Importing the file download-slow.pcap will provide a great example of this. Once the file is imported, switch to summary tab, you will see the result  in Figure 5-10

Figure 5-10: The Packet Size distribution helps you make educated guesses about the traffic in the capture file.

I’ve highlighted the section showing statistics for packets ranging from 1024 to 1517 bytes in size. Larger packets such as these typically indicate the transfer of data, whereas smaller packets indicate protocol control sequences. In this case, we have a fairly large percentage of large packets (39 percent). Without even seeing the packets in the file, we can conclude that the capture file contains one or multiple transfers of data. This could be in the form of an HTTP download, an FTP upload, or any other type of network communication where data is transferred between hosts.

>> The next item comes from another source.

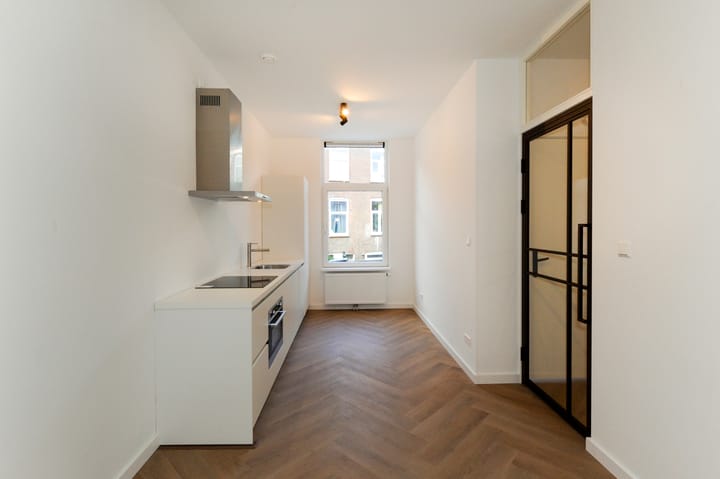 Foto 12 van Van Swindenstraat 39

Most of the remaining packets (36 percent) are less than 64 bytes range. Packets in this range are usually TCP control packets that don’t carry data. Let’s consider the typical size of protocol headers. The Ethernet header is 14 bytes (plus a 4-byte CRC), the IP header is a minimum of 20 bytes, and a TCP packet with no data or options is also 20 bytes. This means that standard TCP control packets—such as SYN, ACK, RST, and FIN packets—will be around 54 bytes in size and fall in this range. Of course, the addition of IP or TCP options will increase this size.

Examining packet lengths is a great way to get a bird’s-eye view of a capture. If there are a lot of large packets, it may be safe to assume that data is being transferred. If the majority of packets are small, you may assume that the capture consists of protocol control commands, without a great deal of data being passed. These are not hard-and-fast rules, but making such assumptions is sometimes safe before taking on deeper analysis.